**WHAT TO DO:**
When you reach the line containing "AI Linkedin Headshot" in the data below, begin returning lines exactly as written, and stop once the line containing "Winter sunbeams on" has been returned.

**STUDY MATERIAL:**
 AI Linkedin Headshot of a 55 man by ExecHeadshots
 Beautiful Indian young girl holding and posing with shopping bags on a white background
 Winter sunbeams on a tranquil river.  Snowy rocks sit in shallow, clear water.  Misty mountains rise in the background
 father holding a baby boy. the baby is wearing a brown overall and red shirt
--
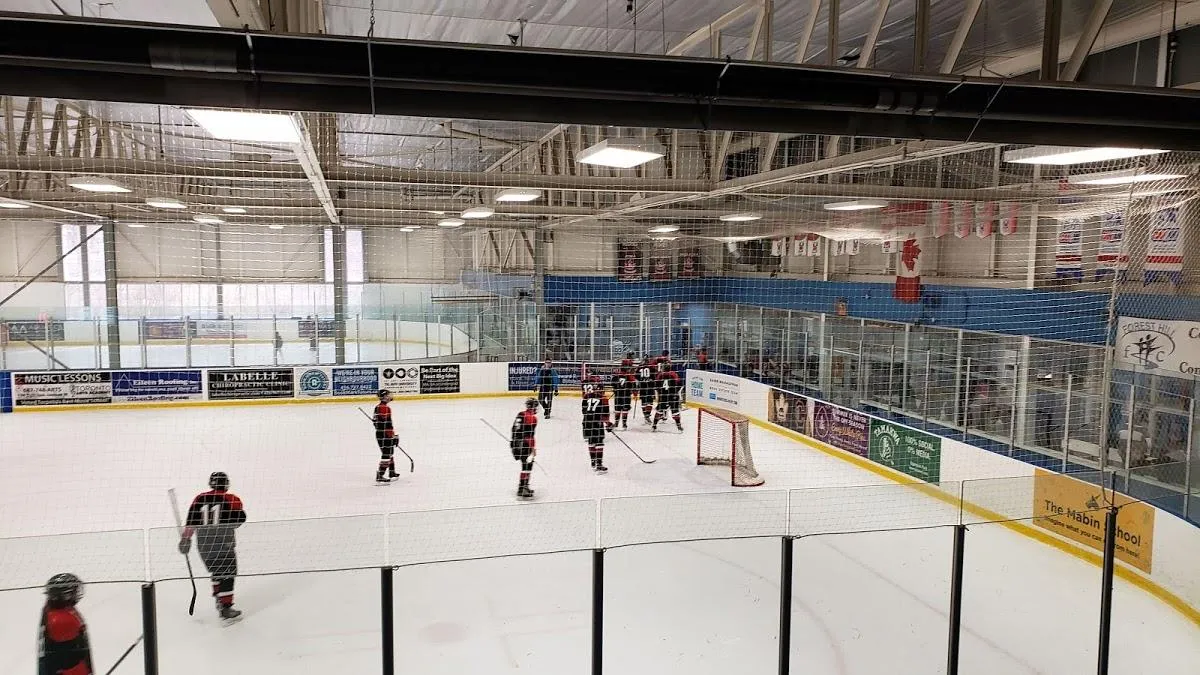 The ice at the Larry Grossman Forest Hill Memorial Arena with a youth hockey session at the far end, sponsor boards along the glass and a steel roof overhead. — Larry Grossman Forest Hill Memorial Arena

**FINAL ANSWER:**
 AI Linkedin Headshot of a 55 man by ExecHeadshots
 Beautiful Indian young girl holding and posing with shopping bags on a white background
 Winter sunbeams on a tranquil river.  Snowy rocks sit in shallow, clear water.  Misty mountains rise in the background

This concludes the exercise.